** Exercise **
Of the lines below, write out exactly those from the line with "Bojack Horseman 3D" through the line with "Shitty City #99 NFT on Algorand", both included, and skip the rest.
Start of Records to process
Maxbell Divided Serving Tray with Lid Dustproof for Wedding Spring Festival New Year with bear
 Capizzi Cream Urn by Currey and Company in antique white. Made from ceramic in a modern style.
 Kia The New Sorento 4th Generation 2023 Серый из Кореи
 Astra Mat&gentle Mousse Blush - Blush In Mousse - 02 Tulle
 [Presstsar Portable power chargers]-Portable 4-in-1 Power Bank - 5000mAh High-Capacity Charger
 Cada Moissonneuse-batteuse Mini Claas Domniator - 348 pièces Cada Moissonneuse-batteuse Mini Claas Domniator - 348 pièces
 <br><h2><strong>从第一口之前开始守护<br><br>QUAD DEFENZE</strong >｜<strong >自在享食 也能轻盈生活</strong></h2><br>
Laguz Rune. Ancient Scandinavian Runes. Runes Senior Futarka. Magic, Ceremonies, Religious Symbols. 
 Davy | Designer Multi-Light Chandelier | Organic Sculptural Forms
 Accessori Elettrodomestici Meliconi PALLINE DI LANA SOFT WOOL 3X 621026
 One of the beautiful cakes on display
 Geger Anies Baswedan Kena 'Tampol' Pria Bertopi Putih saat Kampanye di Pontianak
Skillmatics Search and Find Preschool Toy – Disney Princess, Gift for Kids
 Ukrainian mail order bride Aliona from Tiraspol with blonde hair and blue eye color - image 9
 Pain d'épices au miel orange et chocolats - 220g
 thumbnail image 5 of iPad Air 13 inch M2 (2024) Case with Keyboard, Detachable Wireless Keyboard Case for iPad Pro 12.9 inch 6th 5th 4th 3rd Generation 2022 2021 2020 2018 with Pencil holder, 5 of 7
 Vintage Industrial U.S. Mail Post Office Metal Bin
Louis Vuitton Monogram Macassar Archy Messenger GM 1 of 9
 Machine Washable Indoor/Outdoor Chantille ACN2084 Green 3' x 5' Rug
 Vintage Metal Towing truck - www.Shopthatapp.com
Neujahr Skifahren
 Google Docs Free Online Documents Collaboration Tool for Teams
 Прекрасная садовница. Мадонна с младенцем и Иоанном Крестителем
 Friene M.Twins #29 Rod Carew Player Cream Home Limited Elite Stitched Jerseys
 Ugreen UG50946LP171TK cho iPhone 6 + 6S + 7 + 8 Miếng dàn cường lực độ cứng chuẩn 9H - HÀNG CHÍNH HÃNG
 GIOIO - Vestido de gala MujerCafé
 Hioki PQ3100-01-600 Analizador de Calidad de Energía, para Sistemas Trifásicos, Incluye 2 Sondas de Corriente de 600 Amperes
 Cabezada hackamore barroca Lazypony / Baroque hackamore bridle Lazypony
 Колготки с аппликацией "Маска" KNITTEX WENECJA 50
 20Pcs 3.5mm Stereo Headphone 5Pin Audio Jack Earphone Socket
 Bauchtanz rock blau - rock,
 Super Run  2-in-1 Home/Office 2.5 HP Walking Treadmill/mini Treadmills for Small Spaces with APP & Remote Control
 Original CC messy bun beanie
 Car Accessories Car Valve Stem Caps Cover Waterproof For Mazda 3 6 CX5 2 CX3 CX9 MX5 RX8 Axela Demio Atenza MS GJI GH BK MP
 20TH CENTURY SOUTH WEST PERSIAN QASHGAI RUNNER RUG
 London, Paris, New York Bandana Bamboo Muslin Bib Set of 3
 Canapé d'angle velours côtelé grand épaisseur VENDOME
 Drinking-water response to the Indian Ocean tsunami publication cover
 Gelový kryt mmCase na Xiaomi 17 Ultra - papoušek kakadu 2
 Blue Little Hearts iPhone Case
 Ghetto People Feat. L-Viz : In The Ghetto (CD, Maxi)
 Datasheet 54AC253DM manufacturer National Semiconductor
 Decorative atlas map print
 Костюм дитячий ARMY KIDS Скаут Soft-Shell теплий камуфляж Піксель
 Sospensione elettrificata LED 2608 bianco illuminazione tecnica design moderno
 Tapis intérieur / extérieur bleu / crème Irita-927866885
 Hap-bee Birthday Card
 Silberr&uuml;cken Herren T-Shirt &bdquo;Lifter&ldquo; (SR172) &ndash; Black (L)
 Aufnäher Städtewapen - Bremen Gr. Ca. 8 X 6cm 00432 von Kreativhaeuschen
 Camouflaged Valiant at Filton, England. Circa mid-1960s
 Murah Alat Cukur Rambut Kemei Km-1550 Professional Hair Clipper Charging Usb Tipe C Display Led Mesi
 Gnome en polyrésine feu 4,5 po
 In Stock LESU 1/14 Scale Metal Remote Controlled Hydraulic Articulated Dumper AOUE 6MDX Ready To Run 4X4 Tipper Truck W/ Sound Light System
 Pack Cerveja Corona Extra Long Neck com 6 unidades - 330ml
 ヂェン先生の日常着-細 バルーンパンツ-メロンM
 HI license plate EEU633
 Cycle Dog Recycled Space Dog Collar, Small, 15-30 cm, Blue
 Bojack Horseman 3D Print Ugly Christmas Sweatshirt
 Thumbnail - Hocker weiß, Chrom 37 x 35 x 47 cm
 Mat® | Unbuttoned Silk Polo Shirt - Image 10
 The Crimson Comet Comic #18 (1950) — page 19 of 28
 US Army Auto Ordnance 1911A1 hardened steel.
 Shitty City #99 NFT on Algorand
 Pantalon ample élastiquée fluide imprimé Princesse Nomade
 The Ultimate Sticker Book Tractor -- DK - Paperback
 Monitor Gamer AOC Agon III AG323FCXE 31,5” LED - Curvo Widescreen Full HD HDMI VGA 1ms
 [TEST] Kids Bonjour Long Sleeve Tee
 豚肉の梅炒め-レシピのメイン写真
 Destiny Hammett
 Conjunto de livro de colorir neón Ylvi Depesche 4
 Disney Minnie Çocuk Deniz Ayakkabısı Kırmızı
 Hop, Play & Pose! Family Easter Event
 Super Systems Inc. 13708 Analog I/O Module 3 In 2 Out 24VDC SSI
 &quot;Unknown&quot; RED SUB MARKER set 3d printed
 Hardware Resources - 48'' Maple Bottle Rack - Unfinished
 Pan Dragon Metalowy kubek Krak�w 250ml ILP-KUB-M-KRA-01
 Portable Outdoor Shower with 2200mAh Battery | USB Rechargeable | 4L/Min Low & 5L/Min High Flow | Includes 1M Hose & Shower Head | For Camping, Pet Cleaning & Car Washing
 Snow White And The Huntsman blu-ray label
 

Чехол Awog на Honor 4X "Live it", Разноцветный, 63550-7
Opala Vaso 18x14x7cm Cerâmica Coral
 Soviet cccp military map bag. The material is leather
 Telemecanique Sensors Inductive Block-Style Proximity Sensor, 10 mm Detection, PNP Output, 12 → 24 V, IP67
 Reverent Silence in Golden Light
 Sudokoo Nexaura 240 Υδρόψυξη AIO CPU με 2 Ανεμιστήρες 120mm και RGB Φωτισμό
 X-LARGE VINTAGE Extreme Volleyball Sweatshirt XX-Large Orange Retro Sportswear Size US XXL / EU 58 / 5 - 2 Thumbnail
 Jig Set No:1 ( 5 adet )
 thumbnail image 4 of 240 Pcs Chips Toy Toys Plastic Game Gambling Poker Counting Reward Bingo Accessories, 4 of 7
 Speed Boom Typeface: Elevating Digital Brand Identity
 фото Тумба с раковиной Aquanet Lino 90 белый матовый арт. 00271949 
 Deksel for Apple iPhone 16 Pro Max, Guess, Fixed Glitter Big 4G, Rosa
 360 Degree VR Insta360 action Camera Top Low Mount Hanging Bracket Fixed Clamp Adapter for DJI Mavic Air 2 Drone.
End of Records to process
** Final answer **
 Bojack Horseman 3D Print Ugly Christmas Sweatshirt
 Thumbnail - Hocker weiß, Chrom 37 x 35 x 47 cm
 Mat® | Unbuttoned Silk Polo Shirt - Image 10
 The Crimson Comet Comic #18 (1950) — page 19 of 28
 US Army Auto Ordnance 1911A1 hardened steel.
 Shitty City #99 NFT on Algorand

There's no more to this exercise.